Colloquialisms. These are those words and phrases that have a uniquely local meaning that can confound those not native to the area. For example, when I’m out and about and thirsty, I look for a bubbler. You probably (guessing you are not a 'Sconnie) look for a water fountain. In Wisconsin, we measure distances by time, not miles. Traffic lights are “stop n' go” lights. Cause, that’s what you do.
My husband’s favorite (he’s not a native) to laugh at is “C’mere once.” I won’t try to explain it beyond it makes sense to me, and to the kids I use it on. And we inherently understand that “Up North” is not a direction, but a place whose location may be specific to the speaker but carries a connotation common to every Wisconsin native describing “that place we go to escape everything.”
You probably have your own list, having grown up somewhere else. But this is my blog, so I get to use mine.
The point today is not, however, a lesson in semantics per se, but more about its applicability to a more localized phenomenon right in your own back yard. If your back yard was your organization, at least.
The rise of containers and their quite necessary automated clustering control systems (often referred to as orchestration) has had the unintended consequence of forcing colloquialisms from one side of the state line to another. That’s app dev into IT proper, by the way.
Many of the functions required to achieve the flexibility and reliability of scale required has meant the migration of certain previously production-only services into the container “environment.” These functions are ostensibly “baked in” to that environment now, using lightweight integration (APIs and message queuing) to achieve what heretofore could only be realized from a fully implemented cloud computing environment: auto-scaling, highly available applications.

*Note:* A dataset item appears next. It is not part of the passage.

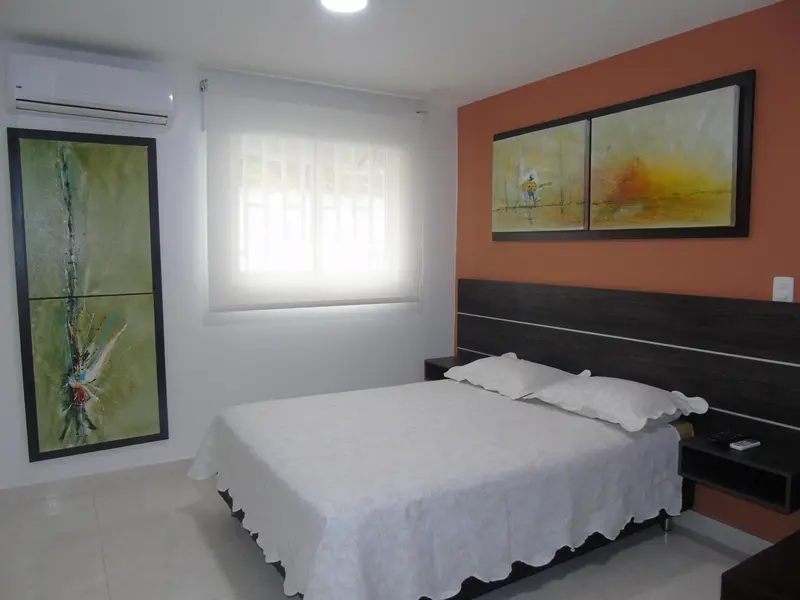 Une chambre lumineuse avec un lit recouvert d'une courtepointe blanche et des tableaux abstraits au mur.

In doing so, load balancing functions are native to the pods/nodes via small, daemon-like services. While not highly advanced (we’re talking barely above network load balancing capabilities) they do the job they were designed to do. These services can be (and are) pluggable, if you will, enabling other projects (open source and vendor provided) that unlock more advanced capabilities (and one hopes, algorithms).
But in itself, these load balancing functions do not enable the scale and high-availability we’re ultimately looking for (and need, in production environments). Nor are they capable of routing APIs – which require HTTP (L7) smarts. We need that if we’re going to efficiently scale out modern applications backed by microservices and fronted by API façades. We need a more robust solution.
That’s where ingress controllers enter the picture. These are the “load balancers” that dissect and direct ingress traffic based on URIs and HTTP headers to enable application layer routing and scalability.
What’s happened is the developers that created (and subsequently use) ingress controllers have basically recreated what we (in netops) would refer to as traffic management, or application delivery, or content switching/routing. We’ve used a lot of different terms over the years in netops, as have those over in dev(ops). App routing and page routing are also terms developers have used to describe L7 routing. The concept is not unfamiliar to either group. But the terms – the colloquialisms – are.
An ingress controller is tasked with routing requests to the appropriate (virtual) service within the container cluster. That service might be another load balancing proxy or it might be a container system-specific construct. In either case, the role of the ingress controller is to route traffic based on layer 7 (HTTP) values within the HTTP headers of an HTTP request. Usually this is the URI, but it could be the host name, or it could be some other custom value (like a version number or API key).
Once the ingress controller has extracted the value from the header, it uses policies described by resource files to determine how to distribute it. It can distribute equally, or send 75% to one version of the service and 25% to another. It’s pretty flexible that way. The ingress controller further has monitoring (health and status) responsibilities, and needs to be very careful it doesn’t distribute a request to a “dead” service.
Sound familiar, netops? It should, because that’s basically the functions of a smart (L7 capable) proxy (like BIG-IP).
Now that you know how they’re the same, let me assure you there are some differences. Notably, an ingress controller is configured declaratively. That is, its configuration is determined by a description in a resource file outside the controller itself. This is not like traditional smart proxies that control and direct ingress traffic. Traditional smart proxies are authoritative sources of the environment. An ingress controller is not. It looks elsewhere for that, to files that act as a sort of “abstraction layer” that allows flexibility in implementations. That means it (or a complementary component) has to read it, interpret it, and create the configuration appropriate to that description. And it has to keep it up-to-date. While the variability at the ingress control of a containerized environment is less than that deeper in the system, it still changes and has to be watched for.
When all is said and done, the ingress controller is responsible for application layer routing of requests from the outside to the appropriate resource inside the containerized environment. Which is pretty much the definition of a smart load balancer.
The name may have changed, but the functions remain very much the same.